Just passin' it on...
ceebeegee: (Viola in the water)
I very luckily happened to wake up this morning just in time to jump in the shower--I was so tired last night I forgot to set the alarm! Ahh, lovely sleep...

This is the man; do thy office )

I saw thee late at the Duke Orsino's )

play the tune the while )

I was worried about the cops on Sunday--since I haven't been able to get in touch with Laura, my FOHRP liaison--but no one showed up, except during the first show and Ilana dealt with them very well.

I warrant thou art a merry fellow and carest for nothing )

Him will I tear out of that cruel eye, Where he sits crowned in his master's spite )

Our dear souls... )

Oxford also talks about how the reunion of the twins is the emotional climax of the show, and I've been playing with that, and adjusting the joy and wonder of that moment. So much fun! I love the minutae of acting.

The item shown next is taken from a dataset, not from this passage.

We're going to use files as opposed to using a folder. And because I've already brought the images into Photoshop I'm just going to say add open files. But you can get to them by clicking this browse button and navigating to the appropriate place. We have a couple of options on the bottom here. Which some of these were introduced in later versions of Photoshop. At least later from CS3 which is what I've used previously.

*Looking up Peter's imdb page, I JUST NOW realized he was in Cop Rock. HOW did I miss that???? I must get that episode from him!!
ceebeegee: (Viola in the water)
This weekend was very INTERESTING. As in the Chinese curse. Saturday dawned hot and humid--Ben showed up at my place and we lugged the screen and all the other stuff down to the Park. (One fantastic thing about this experience is that we can store stuff between show days at the Downtown Boathouse. Yay, no lugging stuff back and forth on the subway!) I was occupied with many producer-ial tasks, such as delegating tasks to the two volunteers, sending out for ice and water, setting up the backstage, setting up the stage right quick change section, et cetera. Laura, my FOHRP liaison, stopped by and we talked about the volunteers, and other stuff. She couldn't stay long, unfortunately. The show went up--we didn't have a huge audience, no doubt because of the heat. One volunteer, Selvena, was terrific in redirecting the foot traffic; she was very hands on and even kicked out three obnoxious little boys who were arguing with Duncan. (She threatened to call the cops on them--love it!)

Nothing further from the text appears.